Season 3 of New Girl was my least favorite season of the series going into this one. But, it wasn’t awful. I graded it a B+, which is only disappointing after finding out that the first two seasons both got A‘s.
The show made the Moonlighting mistake of letting Nick and Jess become romantically involved, which changed the tone of the series and led to the eventual (and expected) break up. Are Nick and Jess fated to be together when this tale about a group of friends sharing an LA loft is over? Time will tell. Sure, I like the two of them together. But, that’s the ending to a series, not a season arc.
Season 4 does its dead level best to right the wrongs of the previous season. And it does, for the most part. Jess is getting back into the dating game, and Zooey Deschanel is terrific at making this awkwardly funny. Nick spinning out of control on his own is also funny. I like these two characters, but it seems I prefer them when they are apart.

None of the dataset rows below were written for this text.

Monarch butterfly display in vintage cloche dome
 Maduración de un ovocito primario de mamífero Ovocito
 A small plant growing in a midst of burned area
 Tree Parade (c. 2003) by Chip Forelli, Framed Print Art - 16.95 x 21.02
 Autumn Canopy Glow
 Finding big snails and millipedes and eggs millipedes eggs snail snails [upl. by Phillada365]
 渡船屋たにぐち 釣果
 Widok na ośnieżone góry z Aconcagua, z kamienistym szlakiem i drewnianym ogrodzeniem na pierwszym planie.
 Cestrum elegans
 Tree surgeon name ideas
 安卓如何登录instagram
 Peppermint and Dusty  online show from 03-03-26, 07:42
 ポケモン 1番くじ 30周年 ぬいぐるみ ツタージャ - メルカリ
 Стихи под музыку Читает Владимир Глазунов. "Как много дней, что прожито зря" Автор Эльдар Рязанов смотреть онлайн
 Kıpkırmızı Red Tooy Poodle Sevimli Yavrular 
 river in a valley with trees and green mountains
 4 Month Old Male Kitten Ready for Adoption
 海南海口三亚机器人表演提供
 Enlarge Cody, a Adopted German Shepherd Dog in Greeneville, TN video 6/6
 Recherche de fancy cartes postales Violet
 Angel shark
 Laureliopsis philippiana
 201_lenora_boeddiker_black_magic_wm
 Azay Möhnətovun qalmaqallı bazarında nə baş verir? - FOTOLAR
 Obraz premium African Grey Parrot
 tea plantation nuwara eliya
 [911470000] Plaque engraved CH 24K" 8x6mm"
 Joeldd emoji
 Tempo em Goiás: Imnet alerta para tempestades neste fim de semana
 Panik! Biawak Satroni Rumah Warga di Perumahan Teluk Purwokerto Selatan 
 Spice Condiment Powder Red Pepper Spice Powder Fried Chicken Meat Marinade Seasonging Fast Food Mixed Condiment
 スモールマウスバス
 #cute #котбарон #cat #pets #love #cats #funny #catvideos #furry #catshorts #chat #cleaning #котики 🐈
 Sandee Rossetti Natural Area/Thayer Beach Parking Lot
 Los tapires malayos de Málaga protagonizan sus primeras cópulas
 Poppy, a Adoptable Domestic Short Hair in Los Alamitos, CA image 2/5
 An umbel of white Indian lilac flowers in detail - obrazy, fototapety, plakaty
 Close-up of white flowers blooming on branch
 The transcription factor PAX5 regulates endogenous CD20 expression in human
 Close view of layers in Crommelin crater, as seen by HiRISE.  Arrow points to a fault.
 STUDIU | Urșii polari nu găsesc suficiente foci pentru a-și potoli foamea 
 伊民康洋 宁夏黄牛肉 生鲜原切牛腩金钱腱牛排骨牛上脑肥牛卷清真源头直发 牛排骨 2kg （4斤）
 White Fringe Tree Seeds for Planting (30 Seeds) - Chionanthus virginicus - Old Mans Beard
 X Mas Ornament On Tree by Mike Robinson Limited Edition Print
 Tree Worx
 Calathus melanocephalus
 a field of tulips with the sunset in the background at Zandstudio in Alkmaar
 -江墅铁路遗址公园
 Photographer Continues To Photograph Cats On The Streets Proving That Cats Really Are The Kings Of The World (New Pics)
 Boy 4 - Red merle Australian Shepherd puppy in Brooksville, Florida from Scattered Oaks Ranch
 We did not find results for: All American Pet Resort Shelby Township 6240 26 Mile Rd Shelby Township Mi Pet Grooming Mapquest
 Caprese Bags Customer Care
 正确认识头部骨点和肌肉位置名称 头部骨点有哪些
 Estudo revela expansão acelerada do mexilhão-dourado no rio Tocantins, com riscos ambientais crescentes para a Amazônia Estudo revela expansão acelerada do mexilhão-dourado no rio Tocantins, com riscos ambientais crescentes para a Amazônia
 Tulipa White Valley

Coach is now a full-fledged member of the gang again, at least until the end of the season, when he moves to New York to be with his girlfriend. Coach didn’t seem as extraneous as he did in Season 3, but I was still glad to see him leave again. We needed to get back down to our core group.
Not only are Nick and Jess no longer a couple, but Schmidt and CeCe are both single again throughout the season, until Schmidt proposes to her in the last episode.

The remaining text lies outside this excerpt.